Friday, May 3, 2013

Wisconsin's Private School Vouchers Prove Wasteful

John Forester, Director of Government Relations for the School Administrators Alliance (SAA), shares in this blog posting more sound reasoning opposing Wisconsin Governor Walker's private school voucher plan.

Many observers have called Governor Walker’s proposal to expand private school vouchers bad education policy. I agree. But, today, I would like to address voucher expansion from the perspective of fiscal policy.

If voucher advocates are successful in expanding private school vouchers in this budget, vouchers will eventually become one of the largest taxpayer‐funded entitlements in Wisconsin.

I realize this is a strong statement. I also understand that voucher proponents argue the governor’s proposal increases voucher eligibility to just nine new school districts in 2013‐14. But, if you let the nose of the camel inside the tent, it won’t be long before the rest of the camel is inside the tent as well.
The ultimate objective of private school voucher advocates is a statewide system of private school vouchers for all Wisconsin school children. Voucher advocates, including Assembly Speaker Robin Vos, have repeatedly voiced their support for statewide vouchers. But, this objective really became crystal clear in a recent news interview when School Choice Wisconsin Vice‐President Terry Brown identified the goal of voucher proponents as “a voucher in every backpack.”

So, how much could this entitlement end up costing Wisconsin taxpayers?

Let’s just focus on those students currently enrolled in private school, because of course, lawmakers wouldn’t deny those children access to a voucher simply because they are already enrolled in private school. It wouldn’t be fair and, it probably wouldn’t be legal either. Let’s also remove the question of income eligibility because Governor Walker has already expressed his desire to remove the income eligibility requirements for vouchers.

According to the Department of Public Instruction, we have 97,488 students currently enrolled in private schools in Wisconsin but not receiving a taxpayer‐funded voucher. If we multiply that number by the current voucher payment of $6,442, we get just over $628 million.

But, the governor’s proposal would increase the voucher payment to $7,050 for K‐8 students and $7,856 for high school students. So, just for perspective, if we multiply the private school enrollment figure by $7,050, we get over $687 million. And, if we multiply the enrollment figure by $7,856, we get almost $766 million. Clearly, voucher expansion will be a large and growing fiscal commitment for Wisconsin taxpayers.

So, what would voucher proponents have lawmakers do to fund this growing entitlement? Raise taxes? In the 1990s, Governor Tommy Thompson was asked about his lack of support for statewide voucher expansion. He answered, “We can’t afford two systems of education.” His words ring just as true today as they did then.

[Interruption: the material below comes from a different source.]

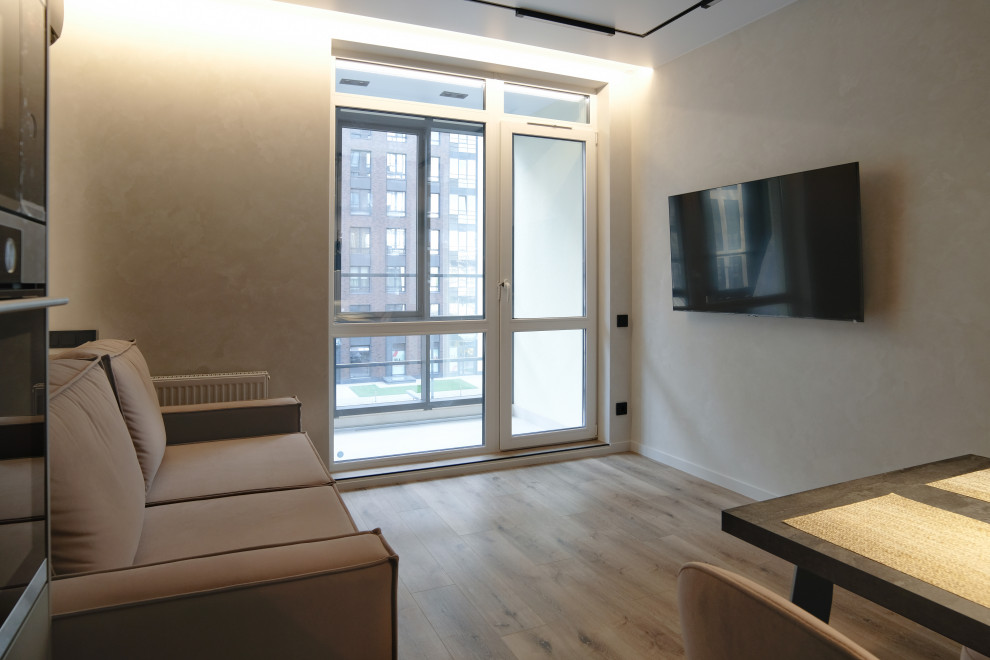 Квартира с дизайнерским ремонтом и освещением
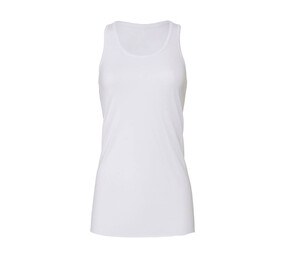 Bella+Canvas BE8800 - Camiseta de tirantes holgada con espalda cruzada para mujer White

We simply can’t afford two systems of education in Wisconsin.

After spending nine years on the staff of the Wisconsin Taxpayers Alliance, I have to say I am perplexed that so many fiscal conservatives would support growing entitlement spending of this magnitude.

Voucher expansion is not only bad education policy. It is bad fiscal policy as well.


  1. The push to expand vouchers is particularly offensive given the historic cuts the legislature has inflicted upon Wisconsin public schools. Is there any doubt that the Governor seeks to hand our successful public education system over to the private sector?

  2. Whether it's war toys, or bank bailouts, or tax breaks, or private prisons, or no bid contracts, or criticizing public schools while promoting school vouchers to private schools, or disparaging community colleges while supporting private for-profit colleges, or enriching fast food restaurants with food stamps, or armies of private security contractors, or the privatization of the student loan market, or the privatization of social security, the goal of the modern Republican Party is to expose our taxpayer dollars to the open market and let big business and corporations fight for it like kids collecting candy from a smash piñata.

    It doesn't really matter which large-scale institute collects the candy, politicians know that they will receive their share of the plunder.

    This is just another scheme designed to transfer taxpayers' money to business and corporations.